Trudeau’s own father, Pierre Trudeau, also served his second term of office at the head of a minority government.
But the younger Trudeau took what experts say is the weakest popular vote ever, in a result which reflects an increasingly fractured country.
“Parties are supposed to exist to build bridges and to keep us together. They’re not supposed to exist to leverage different parts of the electorate … to never try to compromise or grow. This is bad,” Turnbull, the professor, said.
Not a single Liberal was elected in the western Prairie provinces, which Turnbull called a “major problem” for Trudeau.
But while the Conservatives were able to make marginal gains, Monday’s result marked a clear defeat for Scheer, whose campaign pledges to quash carbon pricing legislation and cut taxes failed to resonate with voters.

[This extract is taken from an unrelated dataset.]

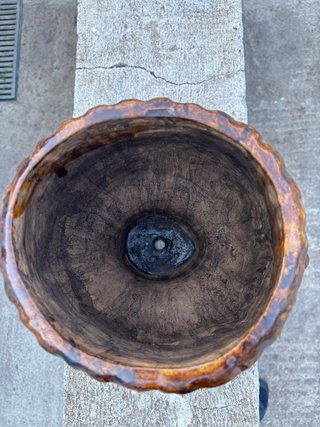 Antico vaso in terracotta con volto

Scheer, who had openly mused about winning a majority in the days leading up to the election, nonetheless issued a stark warning to the Liberals on Monday evening.

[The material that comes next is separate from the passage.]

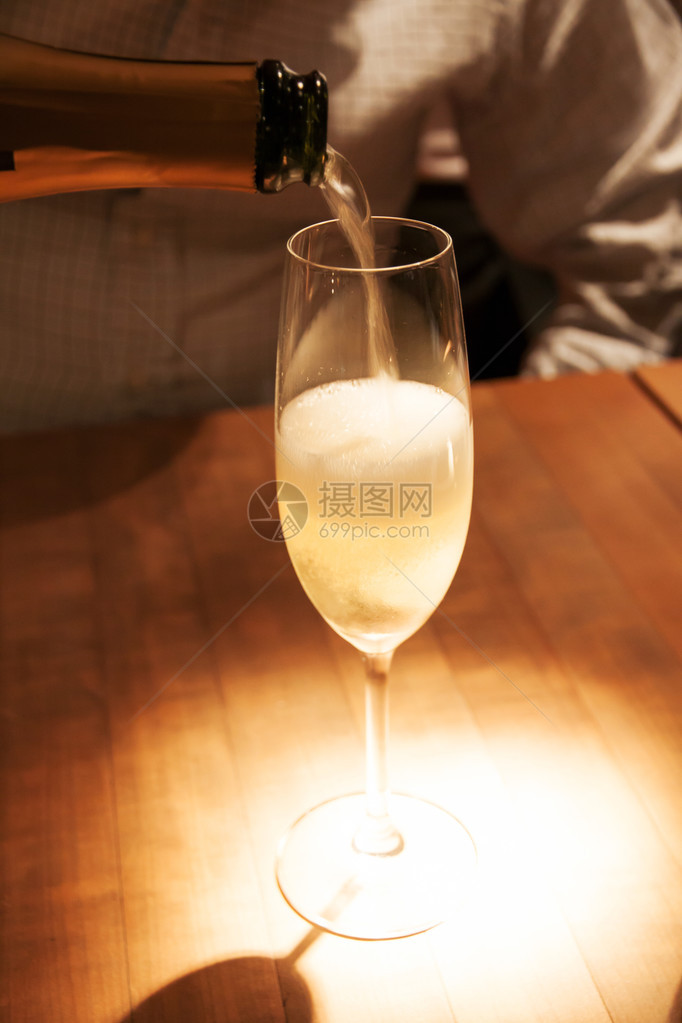 庆祝活动男人将白葡萄酒倒入玻璃杯中图片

“Mr Trudeau, when your government falls, Conservatives will be ready and we will win,” he told supporters at his concession speech.

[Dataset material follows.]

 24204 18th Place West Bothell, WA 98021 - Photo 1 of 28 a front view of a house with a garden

But his own party’s poor performance is likely to raise questions about Scheer’s viability as a leader, after he failed to catalyze voter frustration and topple a wounded Trudeau. Heading into the final weeks, the incumbent prime minister was fending off attacks for his role in the SNC Lavalin scandal, as well as apologizing for images showing him in blackface.
“If Scheer couldn’t win now – when will he?” said Turnbull, pointing out that the Tory leader failed to grow his base beyond the Prairies.
While Monday’s result marks a significant erosion of support for the prime minister, the narrow victory will be enough to ensure Trudeau’s signature policies – including the national carbon tax – remain in place.
Now, all eyes will be on how Trudeau reaches out to parties with a “confidence-and-supply” deal, in which junior partners support the government on individual pieces of legislation, as opposed to joining in a fully-fledged coalition.
The deal-making will leave the balance of power in the hands of the New Democratic party and the nominally separatist Bloc Québécois.
While it holds the necessary amount of seats the to prop up a Liberal government, the NDP is also cash-strapped and struggling, having literally mortgaged its office in Ottawa to help fund its national campaign.
“The last thing the NDP want is an election,” said Turnbull. “But if the [Liberal] government wants NDP support, they will likely have to make some kind of concession for it.”
Singh – who failed to convert immense personal popularity into electoral wins – has made a commitment to fighting climate change and funding healthcare key requirements, meaning Trudeau could steer his government further to the left.
Since Yves-François Blanchet took over as leader in January, the Bloc has roared back into relevance– and is also keen to do business with Trudeau. With 32 seats in parliament, it has more clout than the NDP. While Blanchet vowed to fight any effort that would negatively affect the francophone province, including any pipeline projects, he also left the door open to supporting the Liberals.
“The government has options,” said Turnbull. “As much as [Singh’s] got the numbers to be a kingmaker, so too does somebody else. This will be interesting to watch.”